**Entries provided:**
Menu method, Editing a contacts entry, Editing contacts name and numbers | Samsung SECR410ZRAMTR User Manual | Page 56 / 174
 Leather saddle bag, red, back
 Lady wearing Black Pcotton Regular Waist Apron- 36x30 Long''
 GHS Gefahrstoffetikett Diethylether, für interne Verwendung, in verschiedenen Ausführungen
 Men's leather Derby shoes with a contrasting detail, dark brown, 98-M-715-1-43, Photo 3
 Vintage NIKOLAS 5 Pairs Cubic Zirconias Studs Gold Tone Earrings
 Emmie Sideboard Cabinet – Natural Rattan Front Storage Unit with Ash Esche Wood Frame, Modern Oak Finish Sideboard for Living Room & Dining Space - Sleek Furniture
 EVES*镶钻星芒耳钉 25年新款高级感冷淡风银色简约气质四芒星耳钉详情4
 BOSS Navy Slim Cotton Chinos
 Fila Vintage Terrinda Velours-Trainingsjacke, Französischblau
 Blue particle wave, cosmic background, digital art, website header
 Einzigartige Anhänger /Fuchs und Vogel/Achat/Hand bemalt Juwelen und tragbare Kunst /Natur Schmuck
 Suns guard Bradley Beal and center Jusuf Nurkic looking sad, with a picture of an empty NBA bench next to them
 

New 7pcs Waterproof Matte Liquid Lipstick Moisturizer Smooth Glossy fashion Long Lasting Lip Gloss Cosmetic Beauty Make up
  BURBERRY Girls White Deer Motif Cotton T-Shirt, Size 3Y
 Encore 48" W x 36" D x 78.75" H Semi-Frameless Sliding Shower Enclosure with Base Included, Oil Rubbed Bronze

**To do:**
Include in the answer nothing but an exact repetition of the lines from the one with "Suns guard Bradley" through the end of the material.

**Worked solution:**
 Suns guard Bradley Beal and center Jusuf Nurkic looking sad, with a picture of an empty NBA bench next to them
 

New 7pcs Waterproof Matte Liquid Lipstick Moisturizer Smooth Glossy fashion Long Lasting Lip Gloss Cosmetic Beauty Make up
  BURBERRY Girls White Deer Motif Cotton T-Shirt, Size 3Y
 Encore 48" W x 36" D x 78.75" H Semi-Frameless Sliding Shower Enclosure with Base Included, Oil Rubbed Bronze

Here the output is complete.